Analysis of phylogenetic relationships with known ERVs showed that CERV 1 clusters closely with two clades of
Gammaretrovirus (birds and reptiles/mammals/amphibians/human), showing polytomy and long branch lengths with respect to each other (Fig. ). Clade CERV 2 clustered distantly from all known ERVs (Fig. ). These relationships are also supported by the amino acid similarity between a known representative of
Gammaretrovirus, murine leukemia virus, and CERV clades. In agreement with the results of previous CERV studies (
17), the amino acid similarity was lower for CERV 2 (24%) and higher for CERV 1 (47%) (Table ).
| TABLE 1.Percentages of similarity between CERV 1 and CERV 2 and exogenous members of the Retroviridae |
The comparison of CERV and host species phylogenies (
6,
12,
19) showed discordance. While crocodilian host phylogenies based on DNA sequence data are quite well defined, this was not the case within the CERV clades. Both CERV 1 and 2 showed a mixture of internal topologies from symmetric (bushlike), to random, to asymmetric with differential branch lengths, making it difficult to assess any coevolutionary patterns. Given that CERV 1 appeared to be specific to the Crocodylidae family and that its internal branch lengths were considerably shorter than those observed in the crocodile host phylogeny (
5) and CERV 2, it is plausible that CERV 1 has a lower mutation rate and represents a relatively recent retroviral infection that occurred after the divergence of the Crocodylidae and Alligatoridae families from the common ancestor.

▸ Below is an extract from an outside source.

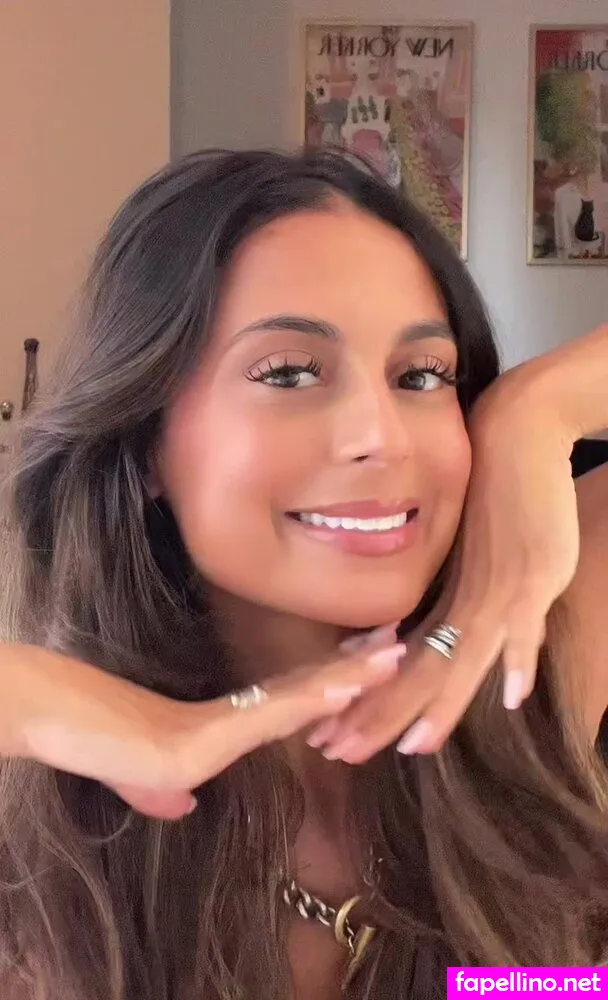 clairegrossman Nude Leaked OnlyFans Photo #nx8ytyZODv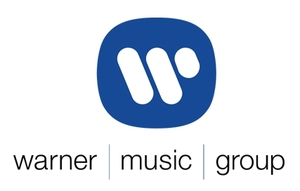 shockleewebpic_warnermuscigroup.jpg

The current investigation has confirmed the existence of two groups of ERVs and revealed additional distribution and diversity among extant members of the Crocodylia. Interestingly, we found a host lineage-specific clade which could have potential for use in the identification of members of the Crocodylidae at the family level. The data generated here will assist future studies identifying orthologous and paralagous ERVs among crocodilian species to assess the variation, distribution, and taxonomy of these retroelements within crocodilian species and populations.